In the latest salvo in the bare-knuckle brawl of rhetoric between Lionsgate management and Carl Icahn, Lionsgate sent a missive to shareholders pointing up the futility of performance by his past takeover targets, particularly those in media. The letter comes two days before the expiration of Icahn’s $7 per share offer, one he said will not be extended again.
The Lionsgate letter to shareholders charges that “Carl Icahn has a long history of destroying shareholder value,” and cites a 96% share price decline while Icahn was a board member of Blockbuster, a 99.8% drop in share value while Icahn was chairman of the board at WCI Communities, before it filed for bankruptcy; an 80% decline in share value while Icahn was chairman of the board of XO Holdings; and a 68% decline in American Railcar since Icahn took over that company. The missive doesn’t disclose ventures where Icahn achieved success, but claims in particular that his track record at Blockbuster indicate “his obvious lack of knowledge and understanding of the media business.”
Lionsgate also hammers Icahn over his track record as a distributor of low-budget films, which is described by the missive as “an abject failure.” Icahn backed Stratosphere Entertainment in 1997 with distribution vet Paul Cohen. The intention was to release 12 films annually predicted to gross between $3 million and $30 million worldwide. None of the films, which included Hideous Kinky and One Tough Cop, grossed more than $1.3 million, before the venture folded in 2000. “Clearly, Mr. Icahn did not know how to run a movie company back in 1997 when he founded Stratosphere and has done nothing to prove that he knows how to run one now. Do not let him destroy the value of Lionsgate.”
The missive comes at a time when Icahn seems to be peaking. While his offer initially seemed to be withering, it was given a boost when Mark Cuban publicly said he might tender his 5.3% stake in the company to Icahn, who owns 19% himself and with another 4% of shareholders signing up for the share offer. He got a poison pill provision knocked out, and Lionsgate wasn’t helped by the non-performance of the $70 million Ashton Kutcher-Katherine Heigl comedy Killers.
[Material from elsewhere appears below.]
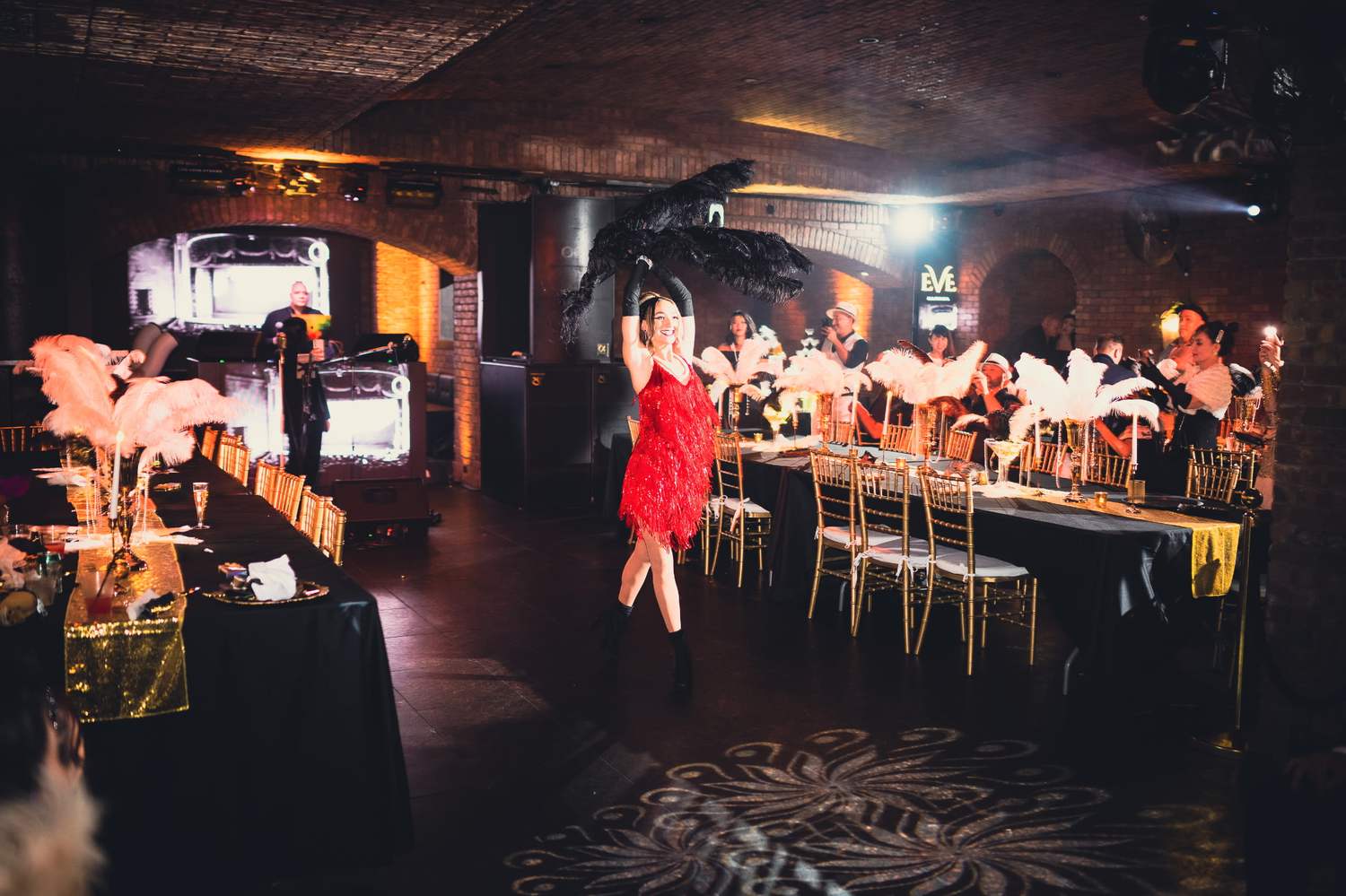 Long tables with feather centerpieces and a dancer in a red fringe dress at a Great Gatsby soirée produced by JJ Signature Experiences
Icahn today reiterated his call for an overhaul of management and the board of directors, as well as a round of drastic cost-cutting. He went after Lionsgate management for last Friday’s statements that “congratulated itself on an adjusted $128 miillion EBITDA,” but noted that $110 million of its cash flow came from the studio library. “There seems to be near universal agreement in the industry that library values are melting away like ice cubes,” Icahn said. “As a result, it is not hard to believe that this $110 million will be drastically reduced in the near future, due primarily to the precipitous decline in DVD sales throughout the industry. However, Lions Gate’s high interest costs of $56 million will stay the same. In addition, MGM and Miramax (both basically library plays) have been for sale for many months but have failed to obtain a buyer. How much longer can Lions Gate’s film library be counted on to drive performance and to service the company’s staggering debt load? Am I the only one who sees a hurricane brewing?”
The storm should blow through by later this week in the form of a proxy battle, but there is bound to be a lot more gusts of hot air before this one is over.